# Exercise details
Nothing but the lines below between the line holding "Woman modeling Lorna Jane tote bag" and the line holding "ein Schlafzimmer mit", inclusive, should appear in the answer, each set down exactly.

# Input records
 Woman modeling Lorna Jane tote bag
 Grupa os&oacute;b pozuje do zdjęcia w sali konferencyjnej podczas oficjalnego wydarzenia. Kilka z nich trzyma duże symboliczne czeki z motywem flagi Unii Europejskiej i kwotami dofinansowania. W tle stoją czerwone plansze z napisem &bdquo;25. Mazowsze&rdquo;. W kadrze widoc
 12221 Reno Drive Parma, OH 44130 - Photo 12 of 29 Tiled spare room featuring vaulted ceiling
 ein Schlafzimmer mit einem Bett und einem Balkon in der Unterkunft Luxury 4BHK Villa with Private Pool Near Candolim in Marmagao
...
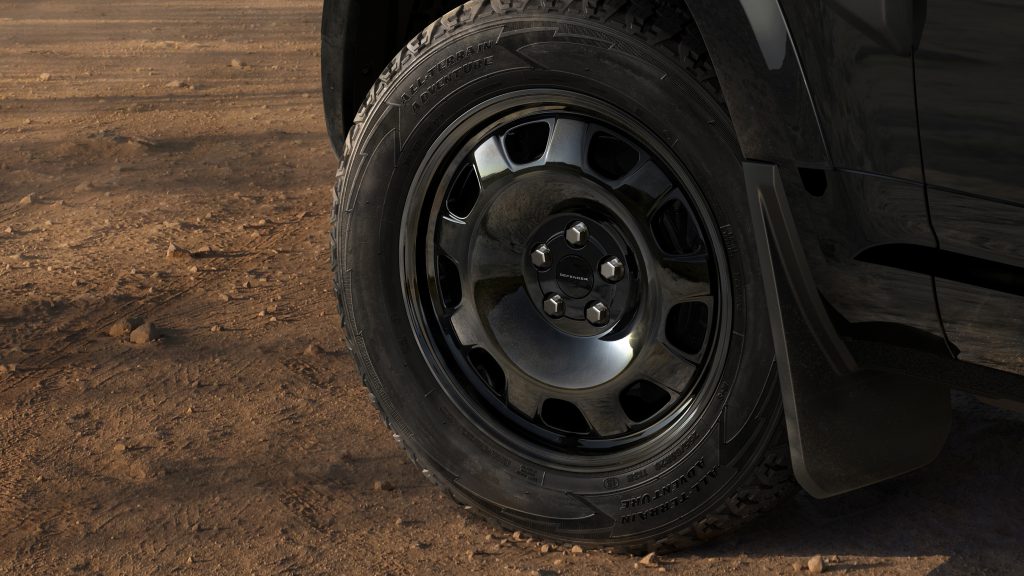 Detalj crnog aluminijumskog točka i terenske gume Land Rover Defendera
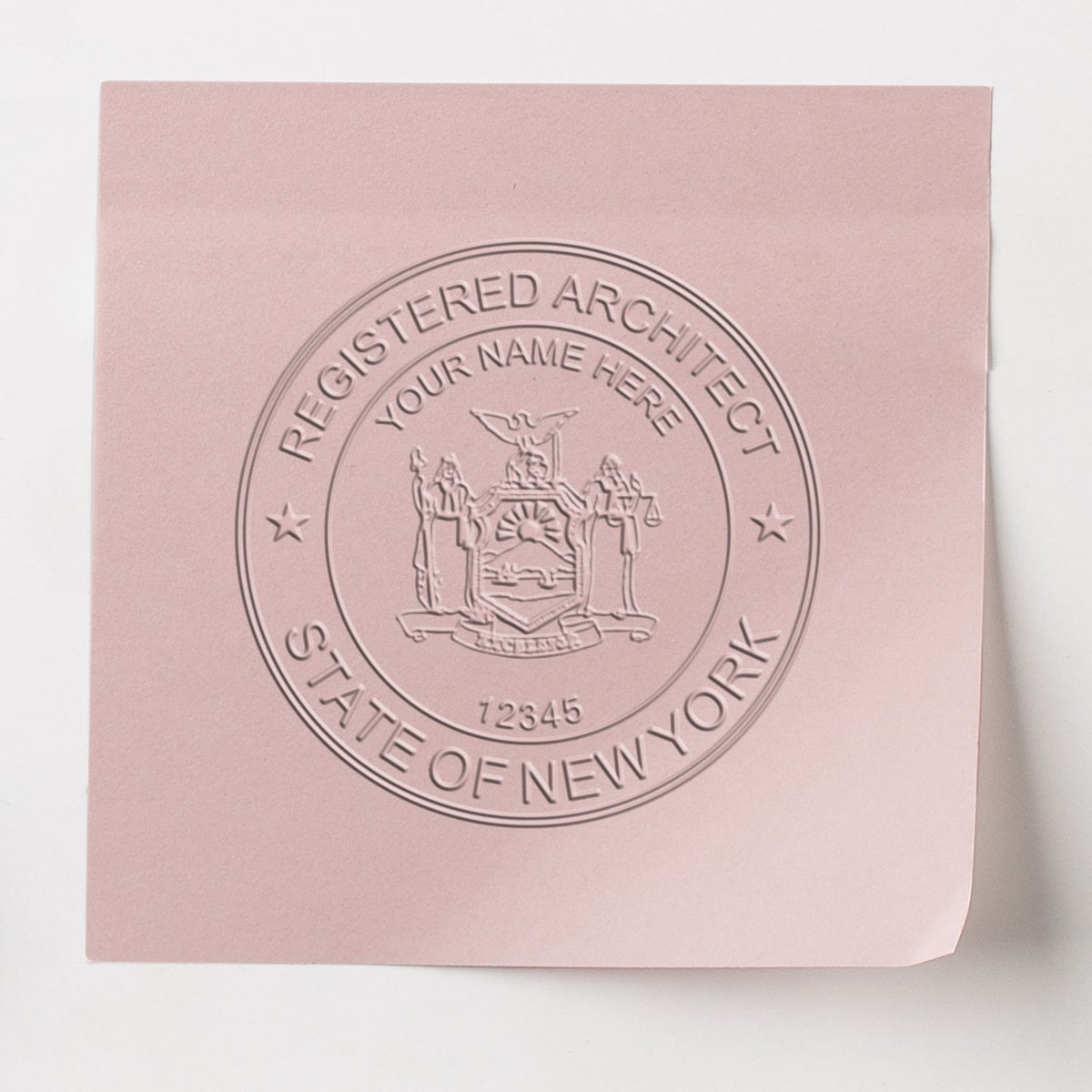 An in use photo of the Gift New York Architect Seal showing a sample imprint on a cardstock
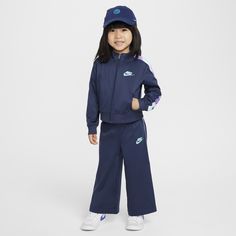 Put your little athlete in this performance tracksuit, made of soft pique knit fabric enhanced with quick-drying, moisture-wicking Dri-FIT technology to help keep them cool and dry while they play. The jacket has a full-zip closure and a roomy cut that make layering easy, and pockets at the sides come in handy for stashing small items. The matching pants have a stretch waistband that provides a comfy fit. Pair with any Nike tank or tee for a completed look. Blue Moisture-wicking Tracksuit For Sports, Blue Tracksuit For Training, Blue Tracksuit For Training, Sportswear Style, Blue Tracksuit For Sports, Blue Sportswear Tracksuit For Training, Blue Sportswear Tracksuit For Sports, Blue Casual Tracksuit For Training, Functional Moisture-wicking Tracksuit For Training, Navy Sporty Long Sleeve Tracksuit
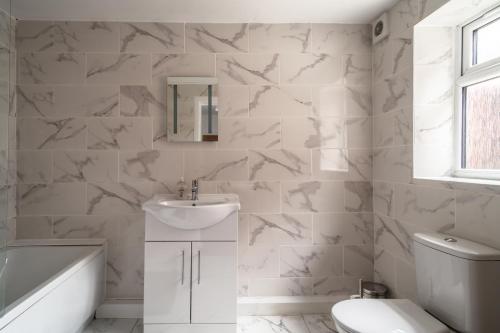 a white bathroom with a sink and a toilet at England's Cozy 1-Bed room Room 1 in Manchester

# Answer to this problem
 Woman modeling Lorna Jane tote bag
 Grupa os&oacute;b pozuje do zdjęcia w sali konferencyjnej podczas oficjalnego wydarzenia. Kilka z nich trzyma duże symboliczne czeki z motywem flagi Unii Europejskiej i kwotami dofinansowania. W tle stoją czerwone plansze z napisem &bdquo;25. Mazowsze&rdquo;. W kadrze widoc
 12221 Reno Drive Parma, OH 44130 - Photo 12 of 29 Tiled spare room featuring vaulted ceiling
 ein Schlafzimmer mit einem Bett und einem Balkon in der Unterkunft Luxury 4BHK Villa with Private Pool Near Candolim in Marmagao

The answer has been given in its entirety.